Nacionalidade: Uruguai
Ano: 2004
Direção: Juan Pablo Rebella, Pablo Stoll
Gênero: Comédia, drama
Duração: 01:39
Plataforma: Netflix

“Whisky”, filme de Juan Pablo Rebella e Pablo Stoll, é um dos longas mais importantes do cinema uruguaio contemporâneo. Ele narra a estória de Jacobo (Andres Pazos), um homem de 60 anos que vive sozinho desde a morte de sua mãe. Desde então, sua única alegria na vida é a pequena fábrica de meias que possui. Um dia, seu irmão Herman (Jorge Bolani), que vive no Brasil e também tem uma fábrica de meias, retorna para Montevidéu após vinte anos. A visita desperta em Jacobo a velha competição existente entre os irmãos, que faz com que ele faça a Marta (Mirella Pascual), empregada em sua fábrica, uma proposta inusitada: que ela se passe por sua esposa durante a visita de Herman.

Em “Whisky”, mais do que a rotina demolidora há a solidão e os silêncios. Silêncios do cotidiano, dos ressentimentos, do afeto, da inércia… A chegada de Herman Koller é o gatilho para que os silêncios do filme comecem a falar.

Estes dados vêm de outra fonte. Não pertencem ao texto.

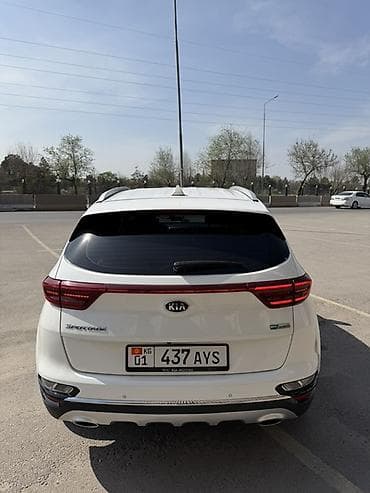 e39 m5: Kia Sportage: 2019 г., 2 л, Автомат, Дизель, Кроссовер — 5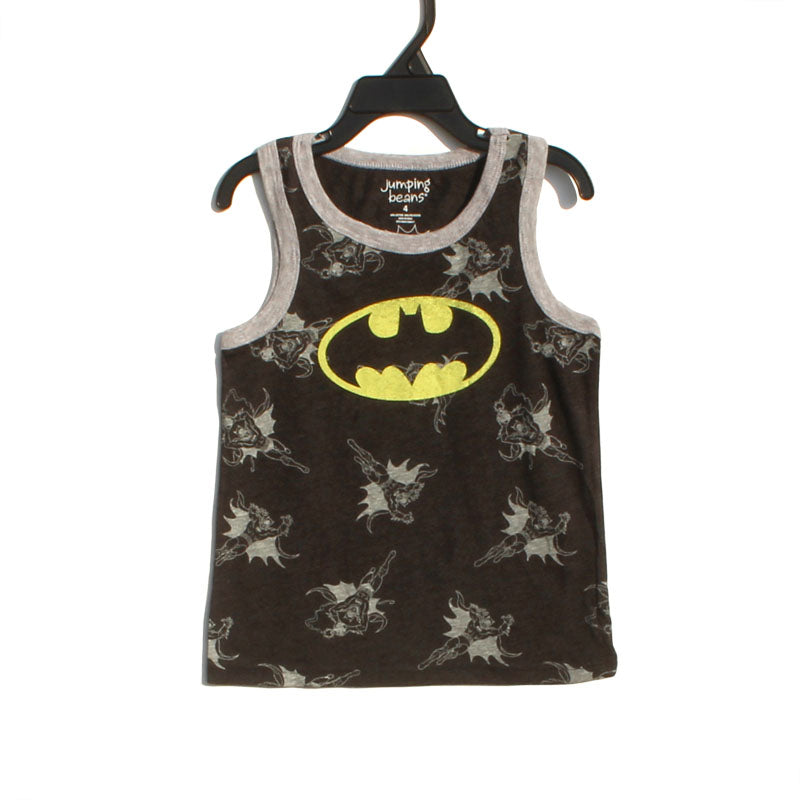 Batman Superhero Sleeveless Shirt A10433A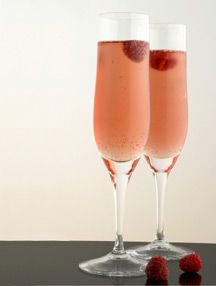 cocktail champagne limone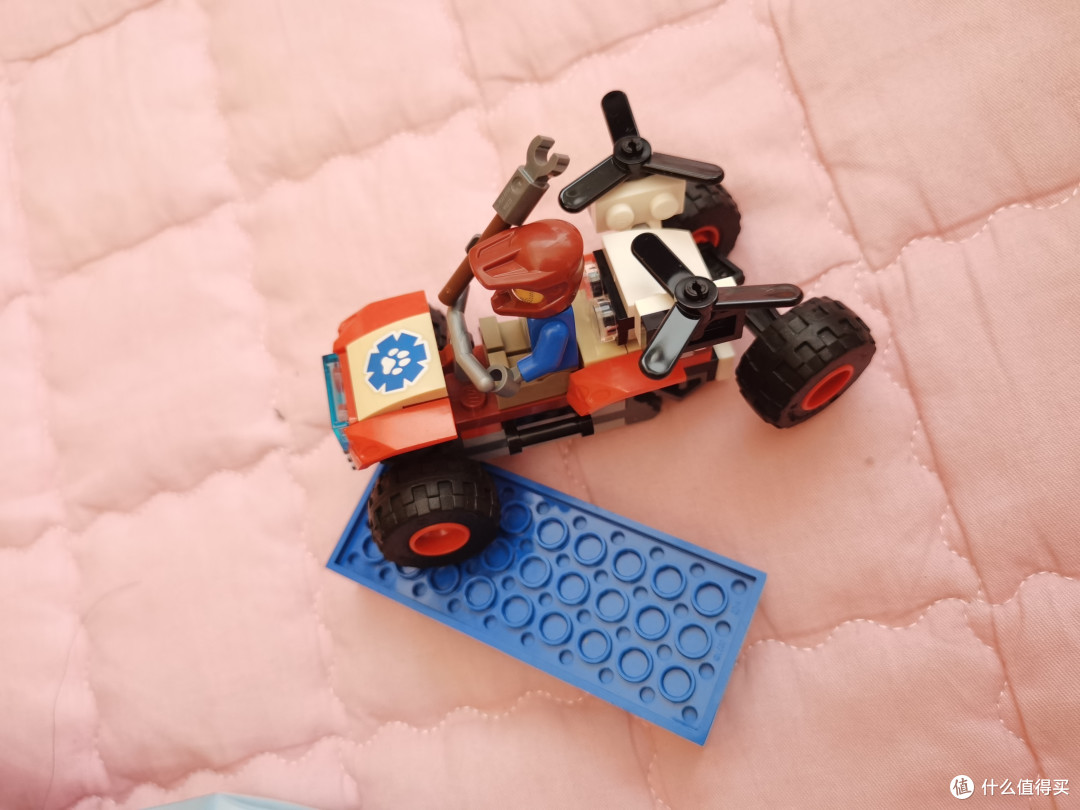 乐高60300野生动物救援全地形车—5岁砖家实力一拼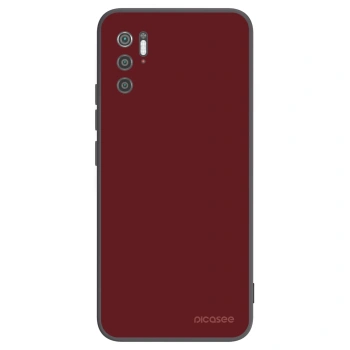 Picasee silikonový černý obal pro Xiaomi Poco M3 Pro 5G - Red Bliss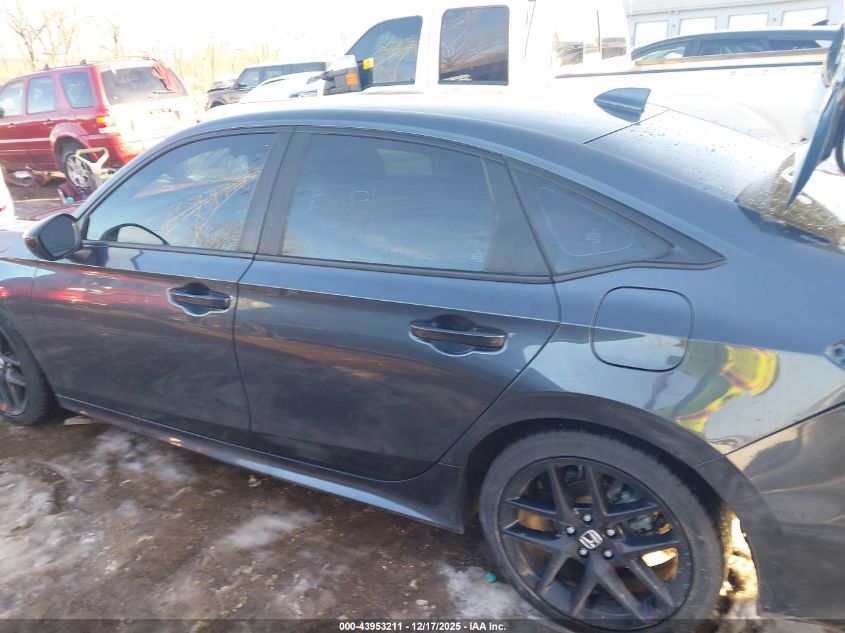 2023 Honda Civic Sport VIN: 2HGFE2F50PH529787 Lot: 43953211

Em “Luto e melancolia”, Freud define o luto como reação a uma perda, quer seja de um ente querido, quer seja de uma abstração que ocupa seu lugar, como pátria, liberdade, um ideal, etc. O pai da psicanálise aponta que sob as mesmas influências, observamos em algumas pessoas melancolia em vez de luto, e diferentemente deste, a melancolia não  aponta para a superação.

“A melancolia, se caracteriza em termos psíquicos, por um abatimento doloroso, uma cessação do interesse pelo mundo exterior, perda da capacidade de amar,  inibição de toda atividade e diminuição da autoestima, que se expressa em recriminações e ofensa à própria pessoa e pode chegar a uma delirante expectativa de punição” (Freud, em  “Luto e melancolia”).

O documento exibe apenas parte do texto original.